- _EXERCISE DATA_
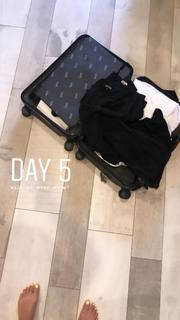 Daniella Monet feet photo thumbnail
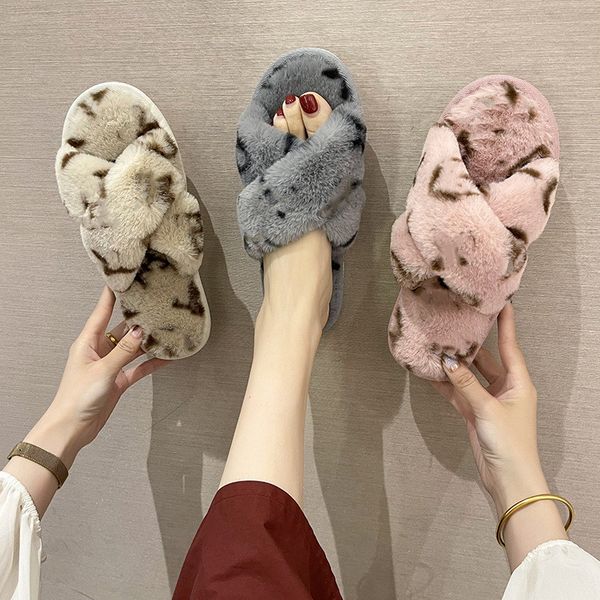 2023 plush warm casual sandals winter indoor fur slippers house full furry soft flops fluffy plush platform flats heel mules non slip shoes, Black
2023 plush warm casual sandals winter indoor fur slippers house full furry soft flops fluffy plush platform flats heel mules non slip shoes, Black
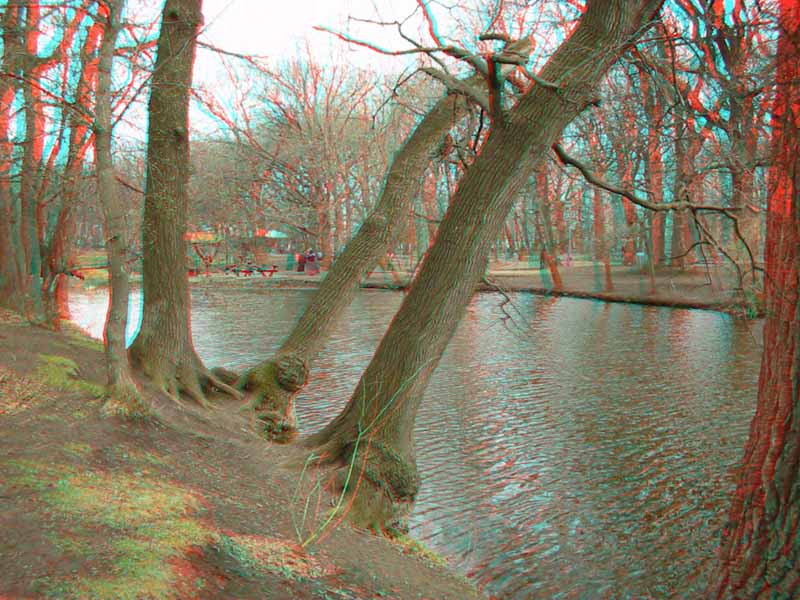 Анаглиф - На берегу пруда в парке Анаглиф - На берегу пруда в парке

- _ASSIGNMENT_
Only text belongs in the copy: repeat each line of the data exactly and leave out the pictures.

- _ANSWER SECTION_
 Daniella Monet feet photo thumbnail
 2023 plush warm casual sandals winter indoor fur slippers house full furry soft flops fluffy plush platform flats heel mules non slip shoes, Black
2023 plush warm casual sandals winter indoor fur slippers house full furry soft flops fluffy plush platform flats heel mules non slip shoes, Black
 Анаглиф - На берегу пруда в парке Анаглиф - На берегу пруда в парке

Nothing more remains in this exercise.